Travel over the Chilkoot was a deadly venture once winter set in. Gold was discovered on the Fortymile River in 1886. In December, Tom Williams, a prospector at Arthur Harper’s trading post at the mouth of the Stewart River, was entrusted with an important packet of letters announcing the news. At much peril, Williams carried the mail south up the frozen Yukon River until he reached the deadly, blizzard-shrouded Chilkoot Pass.

Williams was caught in storms near the summit, cached his letters and barely made it to the trading post at Dyea, Alaska, before he died from his ordeal. The packet of letters was quickly retrieved from Chilkoot snows with the startling news of the new gold strike, and a small rush to the Fortymile occurred the following spring.

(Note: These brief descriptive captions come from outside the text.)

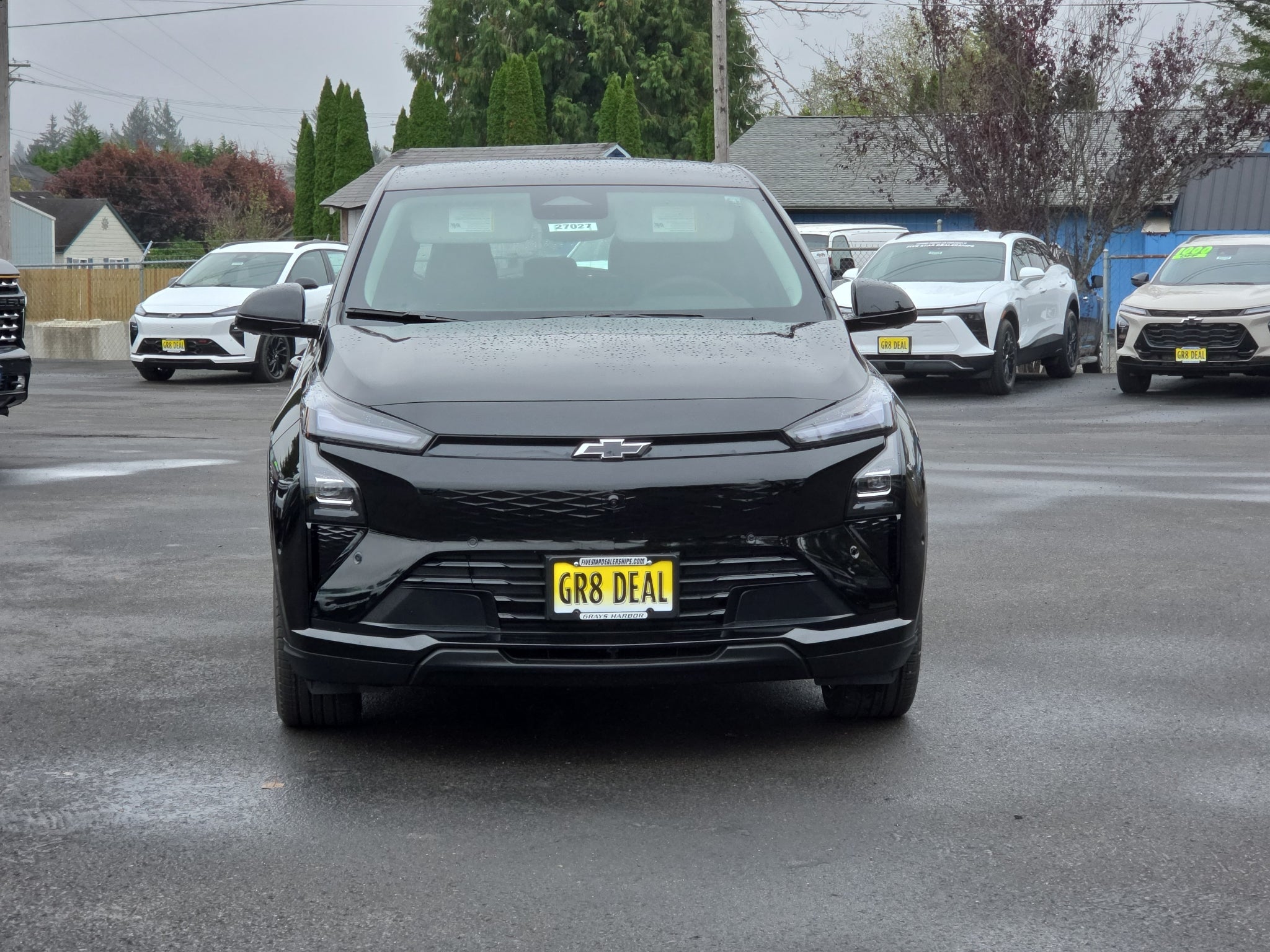2027 Chevrolet Bolt LT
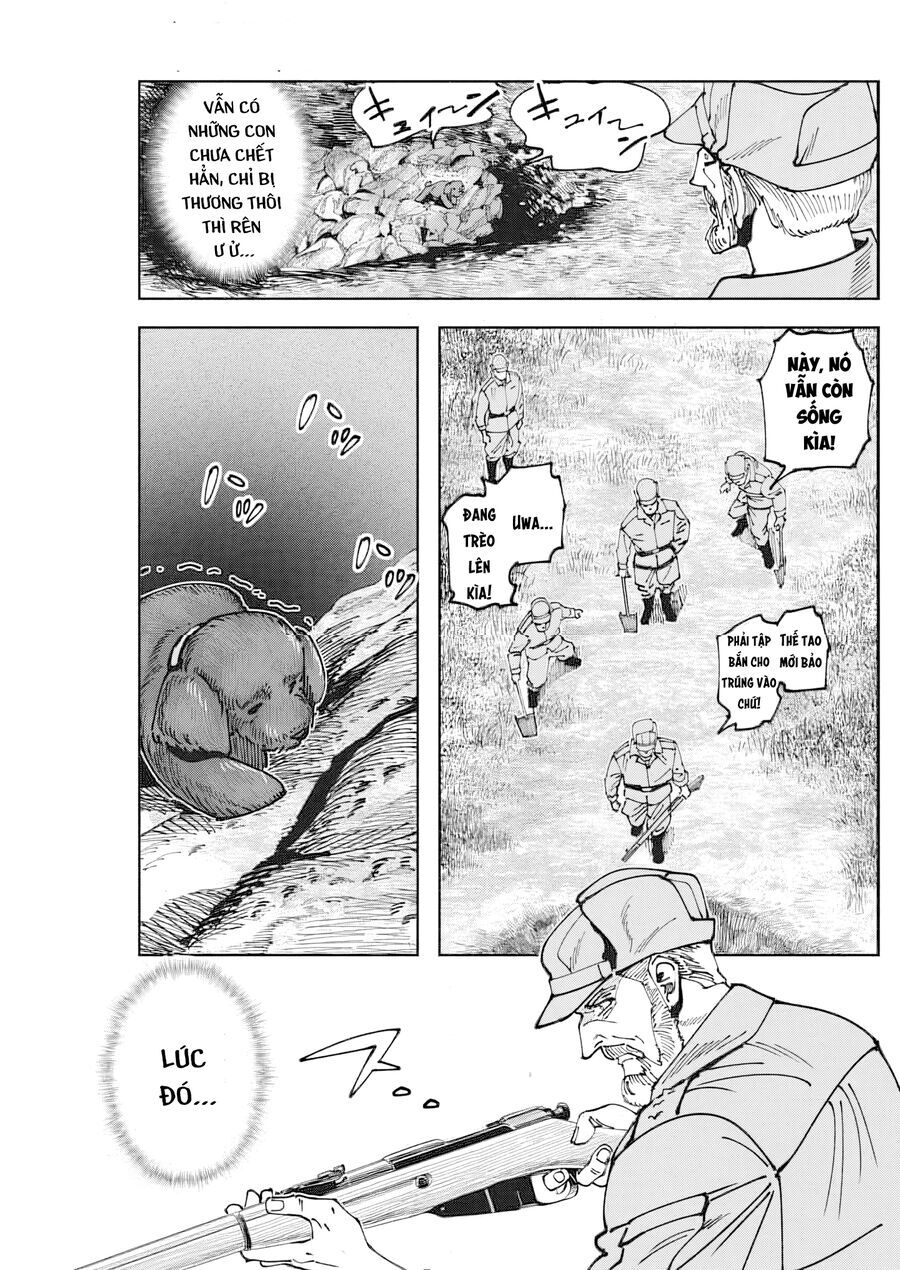 Chernobyl No Inori [Chap 1-18]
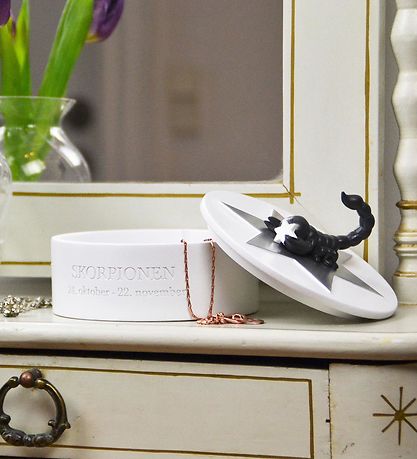 Kids by Friis Trinket Box - Scorpio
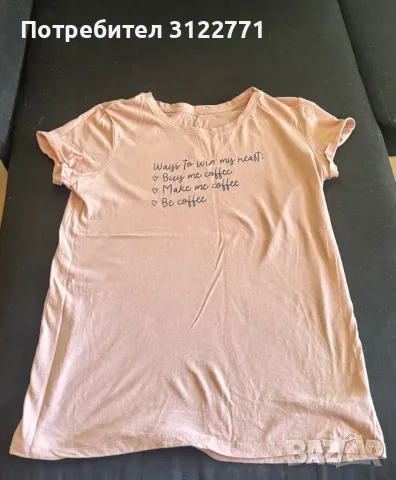 Тениски с къс ръкав, снимка 3 - Тениски - 47596456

During this period, no one knew exactly where the boundary was located between American and British colonial territory. Consequently, the American postal service established a post office at Mitchell, Alaska in December of 1889. There is no record of exactly where this postal outlet was, but it was, in fact, the gold rush town of Fortymile. Jack McQuesten, the trader for the Alaska Commercial Company, was appointed postmaster.

Regardless of its establishment, this post office was a tenuous link to the outside world. The fact that this nebulous post office was located on British (Canadian) soil, was well known locally because Canadian government surveyor, William Ogilvie, located the boundary line the winter of 1887/88.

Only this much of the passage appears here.